■ What the task requires ■
Reproduce word for word, from the entries below, the line with "FORNO 36'' Gas Range Stainless 36", the line with "Women's Workout Pants", and every line between them, and nothing more.

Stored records
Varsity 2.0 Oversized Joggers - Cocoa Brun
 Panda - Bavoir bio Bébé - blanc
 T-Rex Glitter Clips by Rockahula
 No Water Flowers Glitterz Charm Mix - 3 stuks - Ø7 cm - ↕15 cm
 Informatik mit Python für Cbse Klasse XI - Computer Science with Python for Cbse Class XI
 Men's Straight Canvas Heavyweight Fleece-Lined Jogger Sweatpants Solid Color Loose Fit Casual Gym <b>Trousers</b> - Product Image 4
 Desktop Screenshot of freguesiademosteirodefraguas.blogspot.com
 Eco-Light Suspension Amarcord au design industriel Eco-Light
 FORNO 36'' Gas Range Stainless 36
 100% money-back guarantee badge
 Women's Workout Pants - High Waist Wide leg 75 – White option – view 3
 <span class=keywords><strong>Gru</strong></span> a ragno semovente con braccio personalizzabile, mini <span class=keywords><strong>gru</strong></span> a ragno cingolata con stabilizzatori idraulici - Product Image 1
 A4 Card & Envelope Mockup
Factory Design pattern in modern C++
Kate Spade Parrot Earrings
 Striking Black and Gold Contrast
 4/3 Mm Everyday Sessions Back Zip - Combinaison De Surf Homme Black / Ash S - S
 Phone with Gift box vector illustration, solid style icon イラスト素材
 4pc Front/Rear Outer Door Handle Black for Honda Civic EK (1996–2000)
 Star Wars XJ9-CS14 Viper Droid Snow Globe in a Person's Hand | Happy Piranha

■ Answer for this exercise ■
 FORNO 36'' Gas Range Stainless 36
 100% money-back guarantee badge
 Women's Workout Pants - High Waist Wide leg 75 – White option – view 3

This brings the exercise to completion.